We take this from a recent interview with the company’s Chief Creative Officer, Pete Docter, who’s currently stumping for the studio’s latest, Inside Out 2. (A sequel to his own 2015 hit.) Asked a semi-jokey question about Champions star Josh O’Connor—who’s talked about his love of the studio’s Ratatouille, and his comedic desire to star in a live-action remake of the famous rat/pasta adventure. When that prompts Time to ask whether Pixar has ever considered going the live-action remake route, though, Docter shoots the whole thing down pretty bluntly without even stopping for a Raccacoonie reference: “No, and this might bite me in the butt for saying it, but it sort of bothers me. I like making movies that are original and unique to themselves. To remake it, it’s not very interesting to me personally.”

To be clear, Docter isn’t espousing a hard line of creative purity or anything here—he’s promoting a sequel, on which Pixar has become increasingly dependent. “Part of our strategy is to try to balance our output with more sequels,” Docter admits. “It’s hard. Everybody says, ‘Why don’t they do more original stuff?’ And then when we do, people don’t see it because they’re not familiar with it. With sequels, people think, ‘Oh, I’ve seen that. I know that I like it.’ Sequels are very valuable that way.” But even for a guy who’s embraced that mindset, making a live-action version of Toy Story or Monsters Inc., or, god help us, Cars, is apparently beyond the pale.

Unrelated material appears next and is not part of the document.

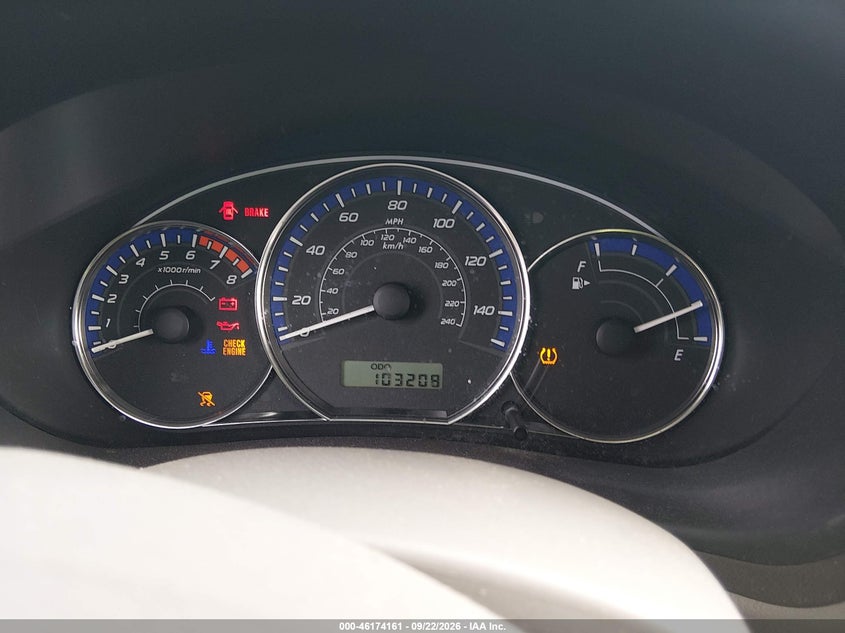 SUBARU FORESTER 2010 VIN JF2SH6AC7AG718054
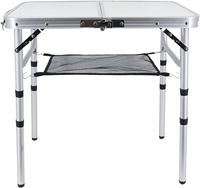Table de pique-nique pliante carrée en aluminium, design moderne, légère et portable, pour le camping, les voyages et l'entraînement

Oh, he also talked a little shit about Lightyear, which, speaking as part of the very small number of people who saw Lightyear, always feels validating: “We took a long moment of self scrutiny after that didn’t deliver. I think we overestimated the audience’s nerd level of being like, “Oh, that kid in the first Toy Story bought a toy, and it was based on a movie. And this is that movie.” That’s probably a few layers too deep.” (It was also very boring, and none of the jokes worked. Just saying.)